J’ai docilement suivi Semion dehors. Svetlana était installée dans une chaise longue. Elle avait passé un maillot de bain et une jupe par-dessus, ou plus exactement une bande de tissu autour des hanches.
— Ça va ? a-t-elle demandé, un peu étonnée.
— Très bien. Sauf que je digère mal les brochettes.
Svetlana m’a examiné attentivement. A part mon teint de brique et mes cheveux mouillés, rien ne trahissait mon ivresse récente.
— Il faut vérifier ton pancréas…
— Tout est en ordre, a jeté rapidement Semion. Tu peux me croire, moi aussi j’ai soigné des gens. La canicule, du vin acide et de la viande grasse, voilà les raisons. Il va aller se baigner, et ce soir, quand la fraîcheur reviendra, nous viderons une bouteille ensemble. Ce sera le meilleur des remèdes.
Svetlana s’est levée pour s’approcher de moi et m’a regardé dans les yeux avec compassion.
— Et si on restait là tous les deux ? Je vais te faire du thé bien fort.
Oui, sans doute, ce serait bien. Rester là simplement assis, en tête à tête. Prendre le thé. Parler, ou se taire, peu importe. La regarder parfois, ou même éviter de la regarder. L’écouter respirer, ou se boucher les oreilles. Savoir simplement que nous sommes assis l’un à côté de l’autre. Tous les deux, et non le collectif bien soudé du Contrôle de la Nuit. Ensemble parce que nous en avons envie et non pour obéir au programme élaboré par Guesser.
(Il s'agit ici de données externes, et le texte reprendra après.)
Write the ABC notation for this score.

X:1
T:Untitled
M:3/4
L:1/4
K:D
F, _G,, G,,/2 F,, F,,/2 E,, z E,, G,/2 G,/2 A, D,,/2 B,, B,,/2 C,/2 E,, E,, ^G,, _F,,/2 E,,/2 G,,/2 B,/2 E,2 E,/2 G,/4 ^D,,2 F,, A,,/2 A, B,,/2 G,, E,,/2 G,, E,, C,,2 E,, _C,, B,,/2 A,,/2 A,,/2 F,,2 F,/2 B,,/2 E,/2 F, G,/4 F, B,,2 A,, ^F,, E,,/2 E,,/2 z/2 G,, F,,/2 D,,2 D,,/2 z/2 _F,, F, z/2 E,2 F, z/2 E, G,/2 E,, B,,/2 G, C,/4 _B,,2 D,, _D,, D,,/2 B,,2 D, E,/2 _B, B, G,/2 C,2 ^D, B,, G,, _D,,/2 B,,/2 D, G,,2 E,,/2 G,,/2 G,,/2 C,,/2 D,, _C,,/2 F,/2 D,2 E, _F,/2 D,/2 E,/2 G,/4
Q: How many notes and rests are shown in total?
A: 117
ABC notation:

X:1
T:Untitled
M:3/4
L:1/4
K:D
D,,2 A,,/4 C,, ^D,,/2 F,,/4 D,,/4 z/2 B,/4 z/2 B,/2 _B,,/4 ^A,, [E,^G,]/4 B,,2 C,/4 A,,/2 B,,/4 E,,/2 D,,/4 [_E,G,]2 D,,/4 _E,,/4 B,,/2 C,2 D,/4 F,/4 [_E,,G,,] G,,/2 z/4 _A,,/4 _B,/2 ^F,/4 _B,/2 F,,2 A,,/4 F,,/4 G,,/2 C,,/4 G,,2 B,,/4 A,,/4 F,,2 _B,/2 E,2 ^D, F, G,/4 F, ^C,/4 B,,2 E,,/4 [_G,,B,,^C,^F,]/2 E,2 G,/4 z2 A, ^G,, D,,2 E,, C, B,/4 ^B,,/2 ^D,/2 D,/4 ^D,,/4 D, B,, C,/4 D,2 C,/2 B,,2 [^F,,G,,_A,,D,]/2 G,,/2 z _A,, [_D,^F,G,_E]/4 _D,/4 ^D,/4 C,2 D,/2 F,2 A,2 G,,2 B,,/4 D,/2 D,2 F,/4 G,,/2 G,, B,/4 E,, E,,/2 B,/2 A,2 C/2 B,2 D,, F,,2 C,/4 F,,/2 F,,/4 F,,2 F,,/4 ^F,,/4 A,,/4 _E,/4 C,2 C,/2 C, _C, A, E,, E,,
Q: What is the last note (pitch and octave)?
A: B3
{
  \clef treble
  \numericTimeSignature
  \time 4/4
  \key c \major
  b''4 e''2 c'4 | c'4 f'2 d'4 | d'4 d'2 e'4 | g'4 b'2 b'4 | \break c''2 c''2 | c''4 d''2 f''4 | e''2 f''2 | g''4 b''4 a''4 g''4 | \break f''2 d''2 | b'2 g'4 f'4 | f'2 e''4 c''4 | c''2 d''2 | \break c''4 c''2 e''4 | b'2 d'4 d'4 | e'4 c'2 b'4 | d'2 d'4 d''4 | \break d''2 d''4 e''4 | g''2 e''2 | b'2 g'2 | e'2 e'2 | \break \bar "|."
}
Ai-je vraiment perdu l’habitude de sourire ?
J’ai secoué la tête et j’ai sorti un sourire lâche et borné.
— Allons plutôt nous baigner. Je ne suis pas encore un retraité émérite des guerres magiques. Allons-y, Sveta.
Semion était déjà parti en avant, mais j’ai senti qu’il m’adressait un clin d’œil d’approbation.
La nuit n’a pas apporté la fraîcheur, mais elle nous a délivrés de la canicule. Dès six ou sept heures du soir, nous avons formé des petits groupes. L’infatigable Ignat est resté près du lac en compagnie de Léna et, étrangement, d’Olga. Tigron et Iulia sont parties se promener dans la forêt. Le reste des invités s’est dispersé dans la maison et les alentours.
Semion et moi avons pris nos quartiers dans une grande loggia au premier étage. On y était bien, il y avait un très léger courant d’air, et les meubles en rotin étaient particulièrement adaptés à la température ambiante.
— Voilà, a dit Semion en sortant d’un sac en plastique étiqueté « Danone kids » une bouteille de Smirnov russe.
— Tu la recommandes ? ai-je demandé avec une certaine méfiance.
Je ne m’y connaissais pas très bien en vodka.
— J’en bois depuis plus d’un siècle. Et elle est devenue bien meilleure qu’avant, tu peux me croire.
Après la bouteille sont apparus deux verres à facettes, un énorme bocal de cornichons et du chou salé.
— Et qu’allons-nous boire avec ? ai-je demandé.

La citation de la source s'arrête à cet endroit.